The concepts introduced in this subsection are initially presented. Vectors are represented by lowercase bold letters (e.g., x), where \({\bf{x}}\in {{\mathbb{R}}}^{n}\) indicates a vector of dimension \(n\). Matrices are denoted by bold capital letters (e.g., \({\bf{X}}\in {{\mathbb{R}}}^{{I}_{1}\times {I}_{2}}\)) and represent two-dimensional arrays. Tensors are indicated using Euler-script letters; for instance, the notation \({\mathscr{Y}}\in {{\mathbb{R}}}^{{I}_{1}\times {I}_{2}\times {I}_{3}}\) denotes a third-order tensor with three dimensions.
Image degradation model
The observed CRISM hyperspectral image cube can be expressed as a third-order tensor \({\mathscr{Y}}\in {{\mathbb{R}}}^{{n}_{row}\times {n}_{col}\times L}\) with \(N(N={n}_{row}\times {n}_{col})\) pixels, and \(L\) spectral bands. Assuming that noise is additive with a mean of zero, the image degradation model of CRISM hyperspectral data can be written as
$${\mathscr{Y}}={\mathscr{X}}+{\mathscr{N}},$$
(1)
where \(\{{\mathscr{X}},{\mathscr{N}}\}\in {{\mathbb{R}}}^{{n}_{row}\times {n}_{col}\times L}\) denote a clean CRISM HSI image and corresponding noise, respectively.

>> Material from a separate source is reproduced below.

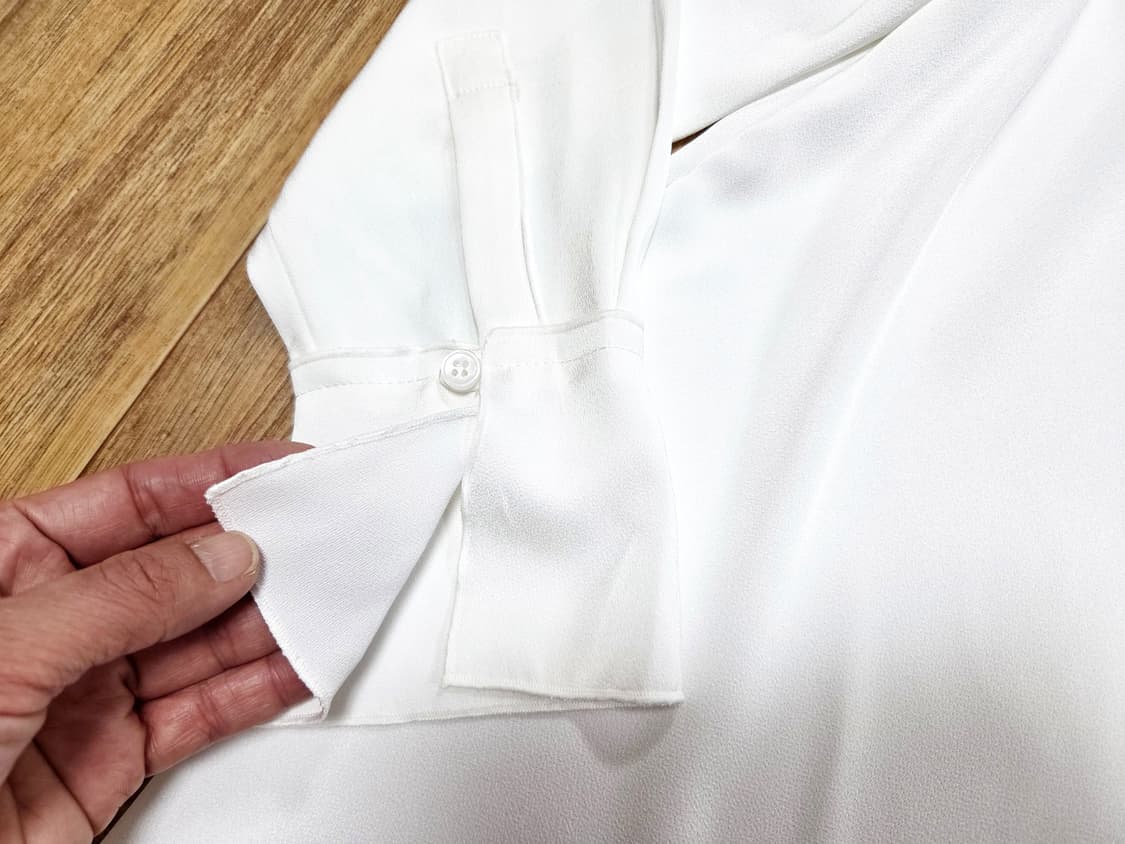 몸빼(MOMBBE) 드레이프 블라우스 55-66 새상품 상품이미지4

The spectral vectors of a hyperspectral image tend to lie in a low-dimensional subspace because of the strong correlation between spectral bands33,34. The subspace representation theory has been widely used to solve inverse problems in hyperspectral imaging and has shown promising results35,36. Based on the subspace theory, the clean image \({\mathscr{X}}\) can be expressed as follows:
$${\mathscr{X}}={\mathscr{A}}{\times }_{3}{\bf{C}},$$
(2)
where columns of \({\bf{C}}\in {{\mathbb{R}}}^{L\times p}(p\,\ll \,L)\) hold an orthogonal basis for the spectral subspace, and elements of \({\mathscr{A}}\in {{\mathbb{R}}}^{{n}_{row}\times {n}_{col}\times p}\) are representation coefficients of \({\mathscr{X}}\) with respect to \({\bf{C}}\). Hereafter, mode-3 slices of \({\mathscr{A}}\) are termed eigenimages. Hence, the image degradation model (1) can be rewritten as follows:
$${\mathscr{Y}}={\mathscr{A}}{\times }_{3}{\bf{C}}+{\mathscr{N}}.$$
(3)
E2E for CRISM denoising
The proposed CRISM hyperspectral image denoising farmwork can be divided into three parts, including subspace representation of CRISM data, self-supervised training phase via noisy eigenimages, and inference phase.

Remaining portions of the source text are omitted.